- _WHAT IS BEING ASKED_: Please, without any pictures, set down exactly the part of the listing below that opens with the line containing "A barbed wire" and closes with the line containing "at PristineAuction.com 1928".

- _ENTRIES PROVIDED_:
◆ ◆ ◆ ◆ ◆ ◆ ◆

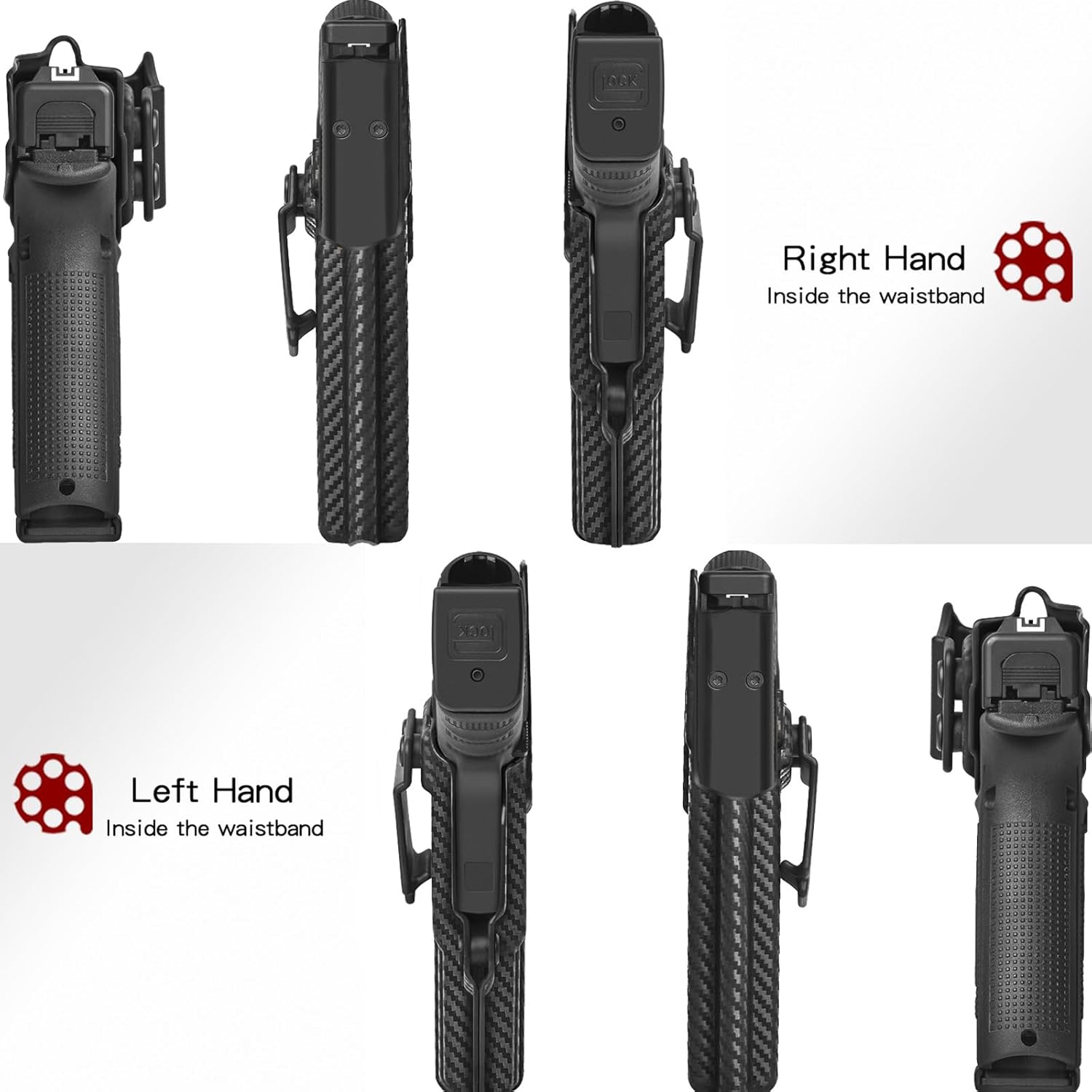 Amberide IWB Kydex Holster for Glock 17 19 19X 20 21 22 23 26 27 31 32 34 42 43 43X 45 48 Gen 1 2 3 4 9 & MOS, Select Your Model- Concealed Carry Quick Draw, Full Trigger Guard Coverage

◆ ◆ ◆ ◆ ◆ ◆ ◆

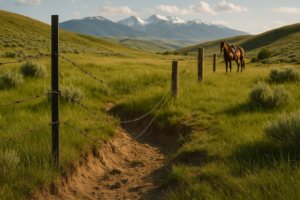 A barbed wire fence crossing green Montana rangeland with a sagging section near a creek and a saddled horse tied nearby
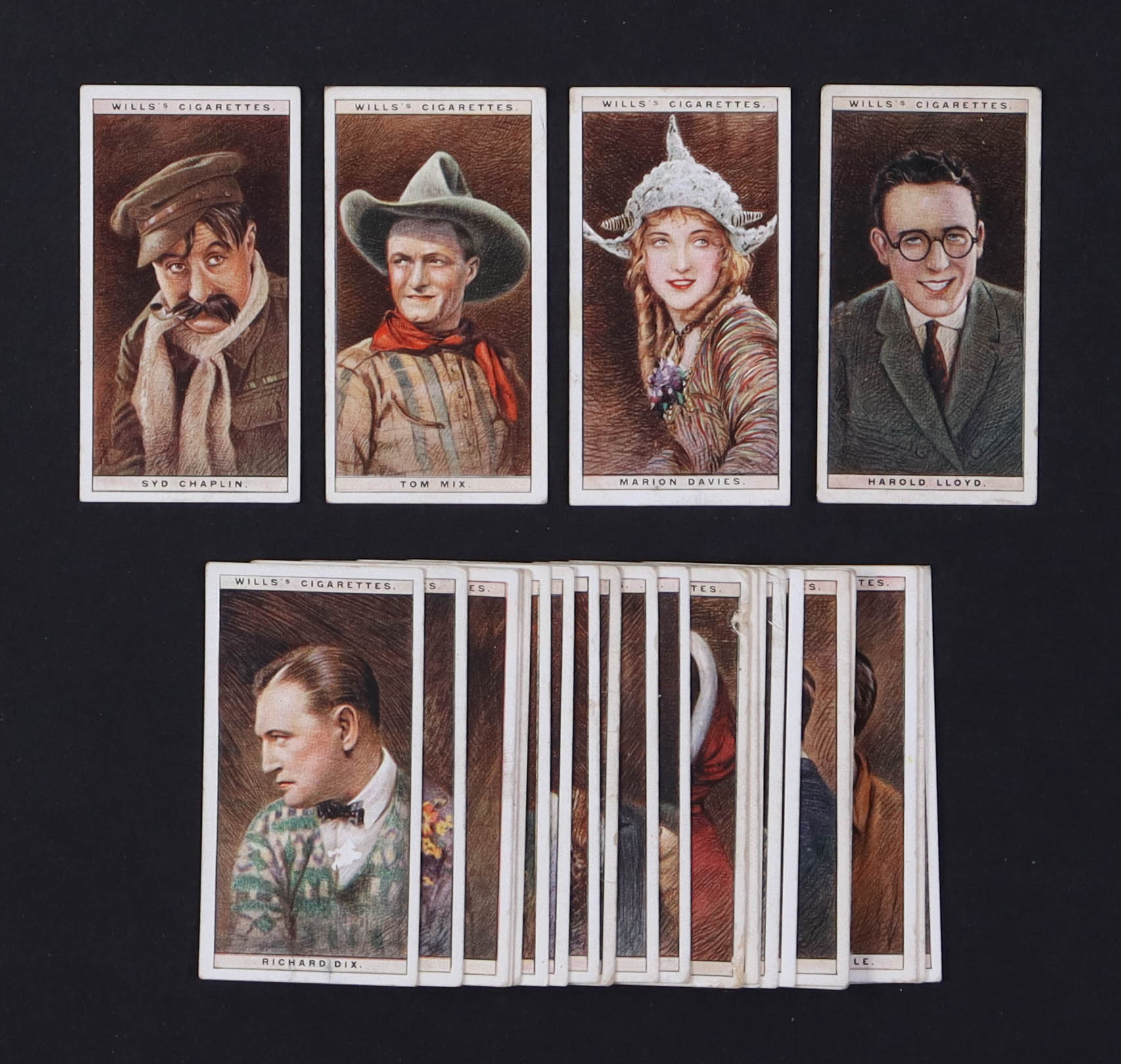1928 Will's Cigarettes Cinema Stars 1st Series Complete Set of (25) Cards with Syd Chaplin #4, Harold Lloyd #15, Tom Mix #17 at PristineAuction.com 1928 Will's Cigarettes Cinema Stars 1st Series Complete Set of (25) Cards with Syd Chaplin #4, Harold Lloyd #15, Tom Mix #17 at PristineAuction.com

◆ ◆ ◆ ◆ ◆ ◆ ◆

- _THE COMPLETED TASK_:
 A barbed wire fence crossing green Montana rangeland with a sagging section near a creek and a saddled horse tied nearby
1928 Will's Cigarettes Cinema Stars 1st Series Complete Set of (25) Cards with Syd Chaplin #4, Harold Lloyd #15, Tom Mix #17 at PristineAuction.com 1928 Will's Cigarettes Cinema Stars 1st Series Complete Set of (25) Cards with Syd Chaplin #4, Harold Lloyd #15, Tom Mix #17 at PristineAuction.com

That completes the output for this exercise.